One of the stories I wrote about last week was the progress of second-year middle linebacker Dom DeCicco and how he's being groomed as a possible successor to Brian Urlacher. The reason behind that was simple, DeCicco is starting to turn some heads on the football field.
DeCicco has established himself early as one of the top performers of the offseason program, which included 10 OTA workouts and the three-day minicamp. His growth from year one to year two has been tremendous and his arrow is definitely pointing up.
DeCicco is currently playing on all four special teams units and earned a lot of first-team reps—during OTAs and the recently completed veteran minicamp.
He's bulked up considerably from last year, and is being counted on to be one of the top special team players for 2012. He could wind up being the special teams captain, after finishing second on the team in special teams tackles last year.
His role is simple, to come out be a leader and playmaker on special teams and to make plays when he's lined up as the No. 1 linebacker during practice. With Urlacher's absence, DeCicco has been making plays all over the field in coverage showing excellent range and the ability to get down the middle of the field in the Cover 2 defense.
This is perhaps the most important aspect DeCicco can focus on and succeed at prior to training camp: improving his pass coverage. The Chicago Bears haven't done much in the way of practicing their run fit or their run keys because the offense hasn't focused a lot on the run game.

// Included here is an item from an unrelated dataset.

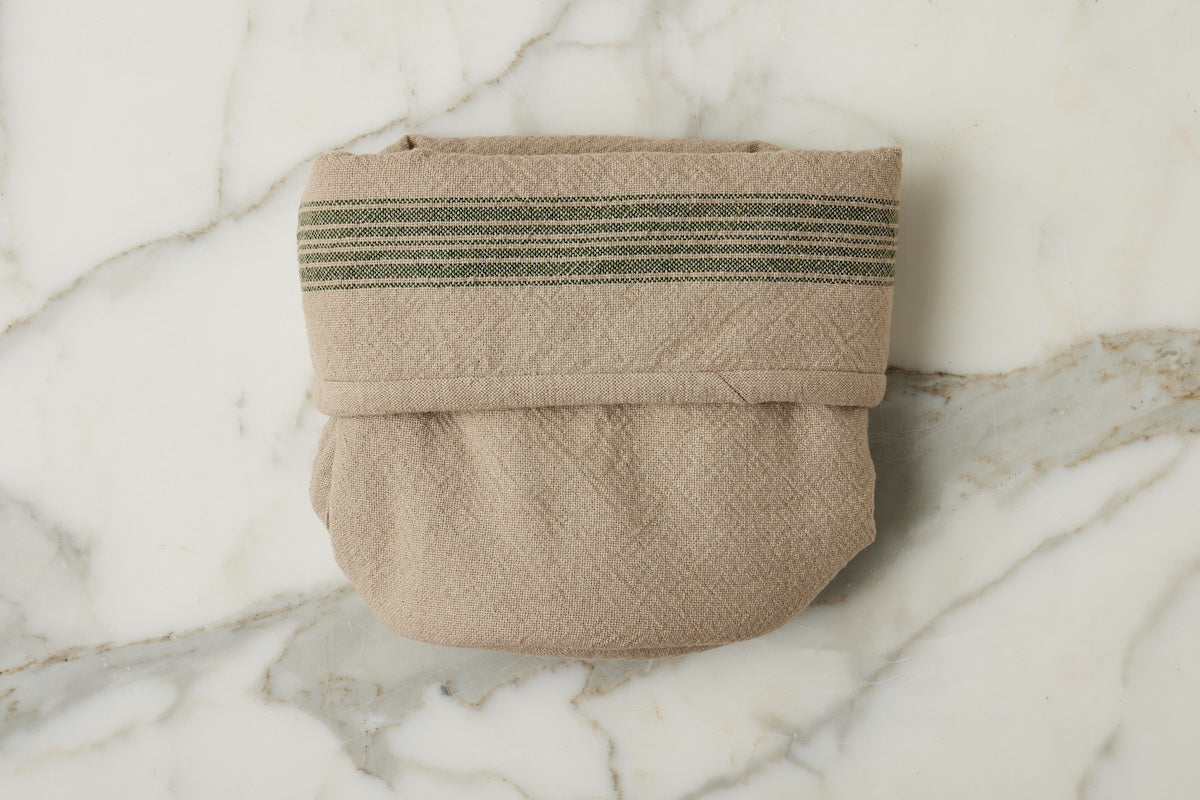 Bistro Bag | Vintage Spruce Green Stripe | Set of 2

That will come up in training camp, once the pads go on and full contact will be allowed. Urlacher is expected to be ready for training camp, but Lovie Smith has been notorious for bringing players along slowly from their injuries and Urlacher would be no exception.

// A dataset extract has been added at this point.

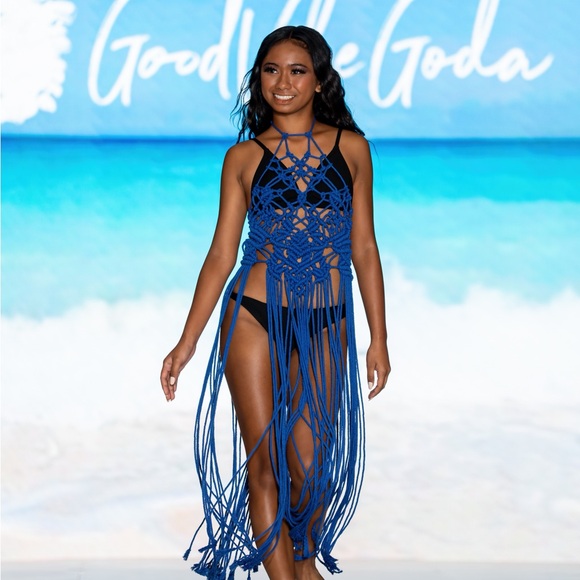 Handmade Macramé Rope Dress GoodVibeGoda Original Design - Picture 13 of 17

The likely practice schedule for Urlacher will be limited, meaning we'll truly start to find out what level of player DeCicco is once the pads come on. The key will be his run defense in attacking gaps, recognizing his keys and reading and reacting to play-action pass.
One of the keys for any young player in sticking to the roster is contributing on special teams and DeCicco has done that and continues to grow into that role. The Bears have always had strong gunners (the outside-the-numbers smaller, quicker players), but have also had strong linebacker types.
In years past, the Bears have had Brendan Ayanbadejo make multiple Pro Bowls from his backup linebacker spot. More recently, Tim Shaw led the NFL in special teams tackles after arriving Chicago in a backup linebacker role.
This is where DeCicco fits in, that linebacker coverage role, as he continues to develop as a linebacker where he will likely get a ton of time during camp and preseason games. DeCicco's best opportunity is to continue to develop on special teams while he perfects all of the defensive responsibilities required to eventually succeed an all-time great.